What you will do
Retype the entries exactly, but skip the pictures.

Task material
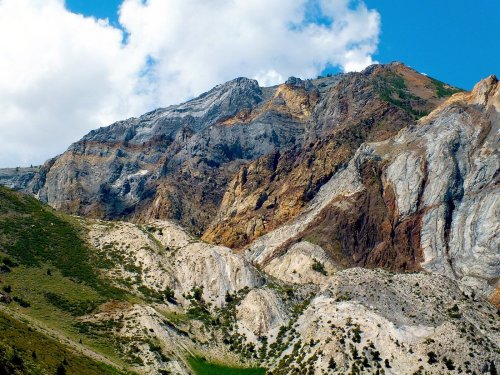 A rugged mountain landscape with colorful rock layers under a blue sky with scattered clouds.
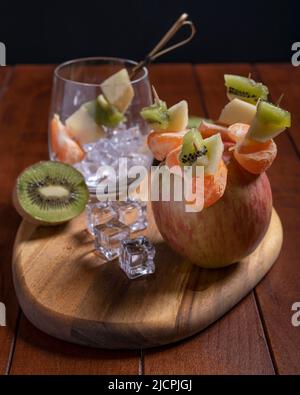 Yummy fruit skewers with apple, mandarin and kiwi on wooden table Stock Photo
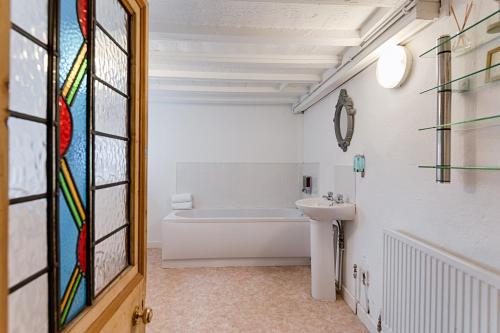baño con bañera, lavabo y ventana en Alexandra Cottage, en Swansea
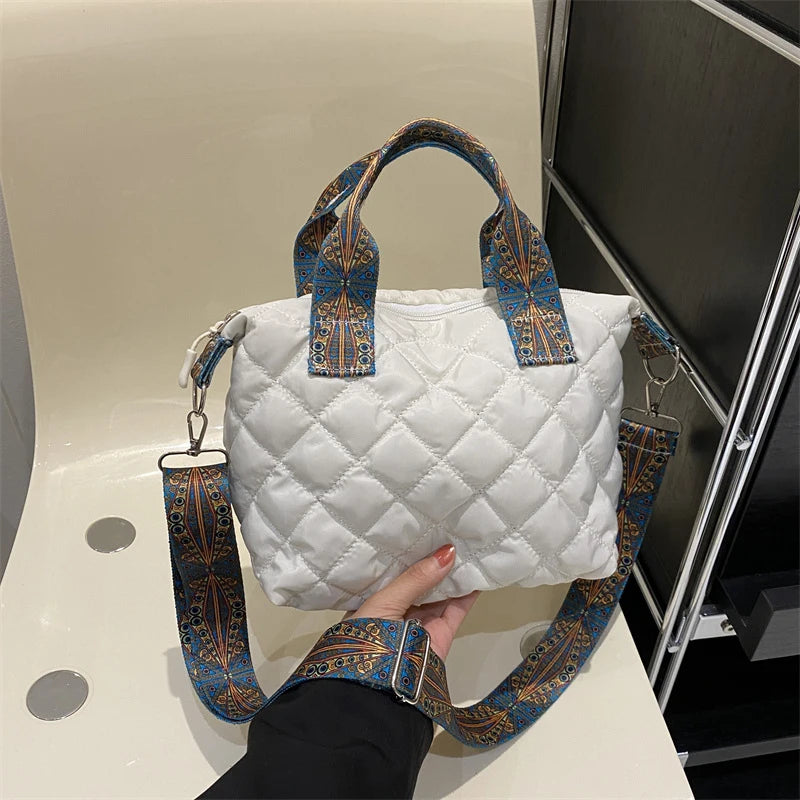 Elevate your style with these luxury designer shoulder crossbody bags for women. Featuring a quilted padded design from a top designer brand, these handbags are perfect for adding a touch of elegance to any outfit. -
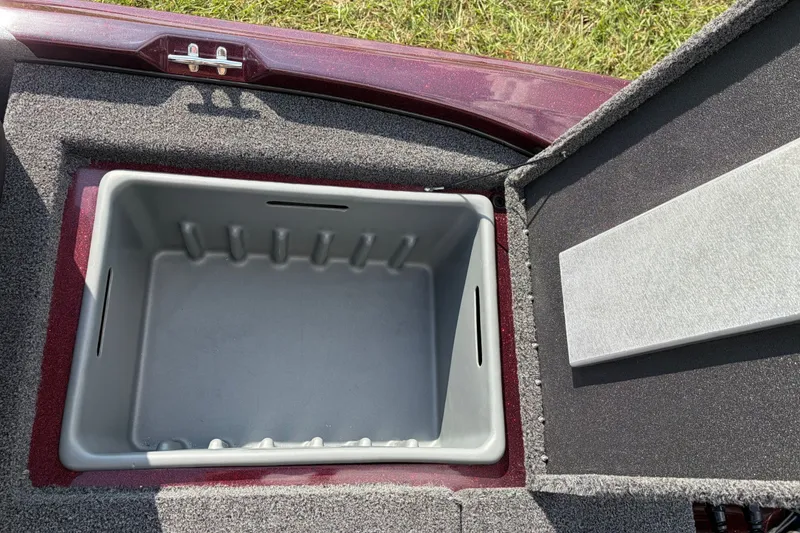 Slide: The Image of Open storage compartment in a 2027 Nitro Z17 boat, featuring a spacious interior. - 15
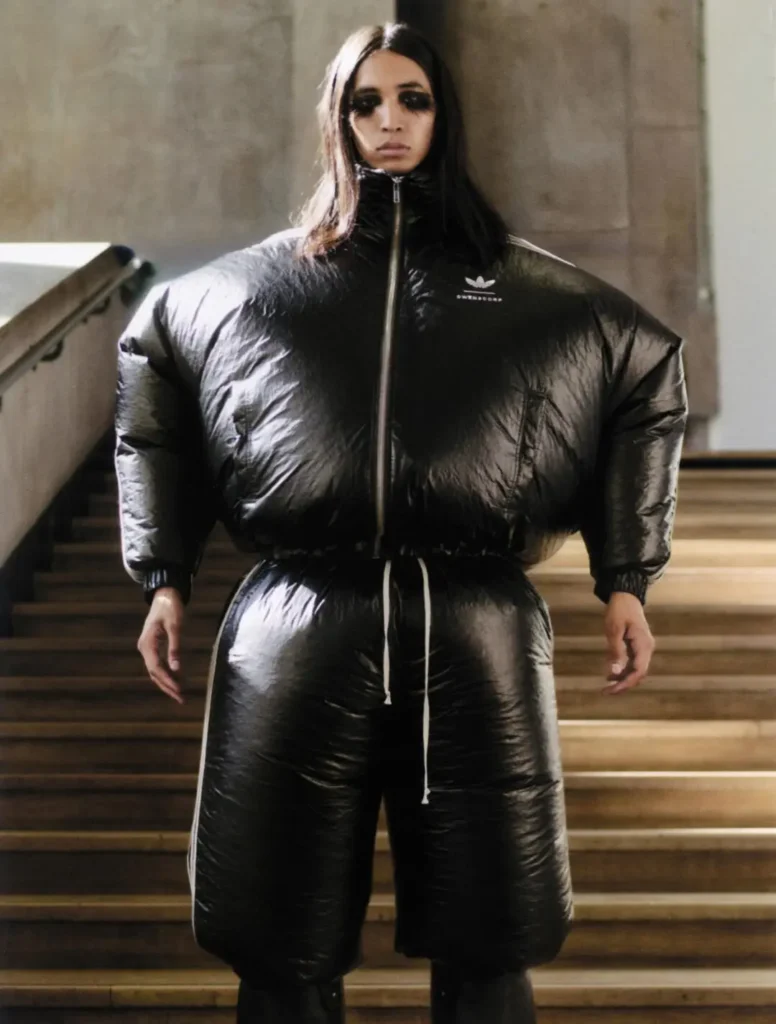 Front-facing runway portrait of a model wearing an exaggerated glossy black cropped puffer jacket and matching oversized quilted shorts. Dramatic black eye makeup and an industrial staircase backdrop enhance the futuristic sil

Response to the task
 A rugged mountain landscape with colorful rock layers under a blue sky with scattered clouds.
 Yummy fruit skewers with apple, mandarin and kiwi on wooden table Stock Photo
baño con bañera, lavabo y ventana en Alexandra Cottage, en Swansea
 Elevate your style with these luxury designer shoulder crossbody bags for women. Featuring a quilted padded design from a top designer brand, these handbags are perfect for adding a touch of elegance to any outfit. -
 Slide: The Image of Open storage compartment in a 2027 Nitro Z17 boat, featuring a spacious interior. - 15
 Front-facing runway portrait of a model wearing an exaggerated glossy black cropped puffer jacket and matching oversized quilted shorts. Dramatic black eye makeup and an industrial staircase backdrop enhance the futuristic sil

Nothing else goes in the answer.